The grace of our Lord Jesus Christ be with you. This is the apostle's salutation in all his epistles, and is a token of the truth and genuineness of them; See Gill on Romans 16:20; and is a wish for a supply of all grace from Christ, and an increase of it in the saints; that they may have the communications of it to them, to quicken, invigorate, and draw forth into exercise the grace they have received, and to enable and assist them in the discharge of every duty.

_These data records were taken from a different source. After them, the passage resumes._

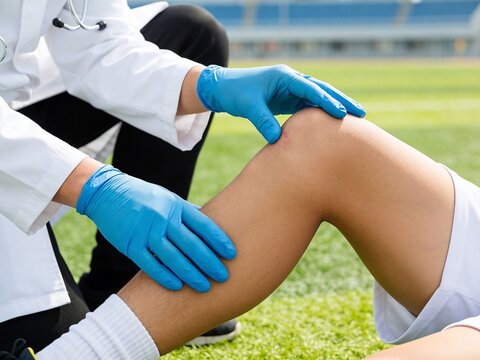 A healthcare professional in a white coat examines a knee injury on a person at a sports field.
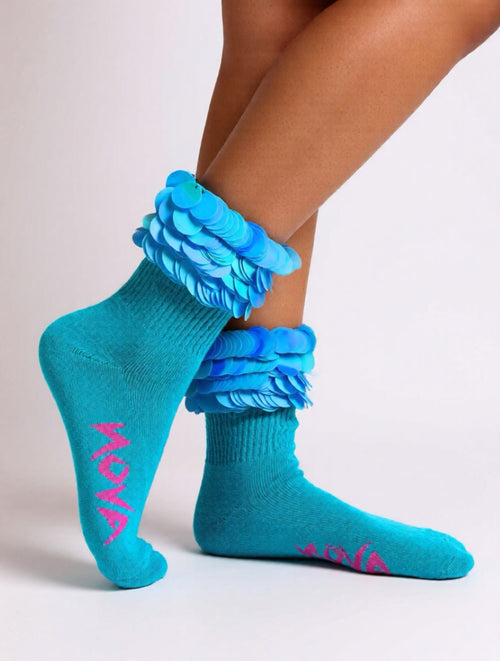 A pair of bright turquoise crew socks with layered ruffle cuffs in shades of blue and pink text reading 'nova' on the soles, shown on a model's feet against a light gray studio background.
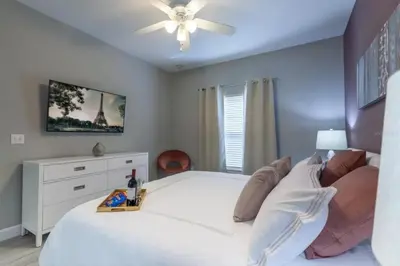 a bedroom with a white bed and a ceiling fan at 4 Bedrooms 3 Bathrooms Lucaya Village 2-101 in Kissimmee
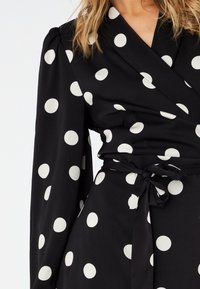 Vestito nero avvolgente con pois bianchi, maniche lunghe e vita legata. Il tessuto ha una texture liscia con una finitura opaca.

My love be with you all,.... Meaning either that he desired that he might be loved by them, as they were by him, and might always have a place in their hearts and affections, as they had in his; or that his love, which extended to all of them without exception, to rich and poor, greater or lesser believers, might be always acceptable to them; and which he now commended to them, and saluted them with, from his very heart: and that it might not be thought to be a carnal affection, or on account of any outward things, he adds,
in Christ Jesus; he loved them for Christ's sake, because they were his, had his grace bestowed on them, his image stamped upon them, and his Spirit put within them; and concludes as usual, with an
Amen; both by way of request, and for the sake of confirmation; desiring that so it might be, and believing that so it would be. The following subscription is added, not by the apostle, but by some other hand since. "The first" epistle "to the Corinthians was written from Philippi, by Stephanas, and Fortunatus, and Achaicus, and Timotheus"; but, as has been already observed, this epistle was not written from Philippi, but from Ephesus, where the apostle now was, as appears from 1 Corinthians 16:8; nor was it sent by Timotheus, for he was sent out before the writing of this epistle, see 1 Corinthians 4:17, and the apostle puts an if upon his coming to them, in 1 Corinthians 16:10, which he would scarcely have done, if he had sent this letter by him; though very probably it was sent by the other three, who came from Corinth, at their return thither.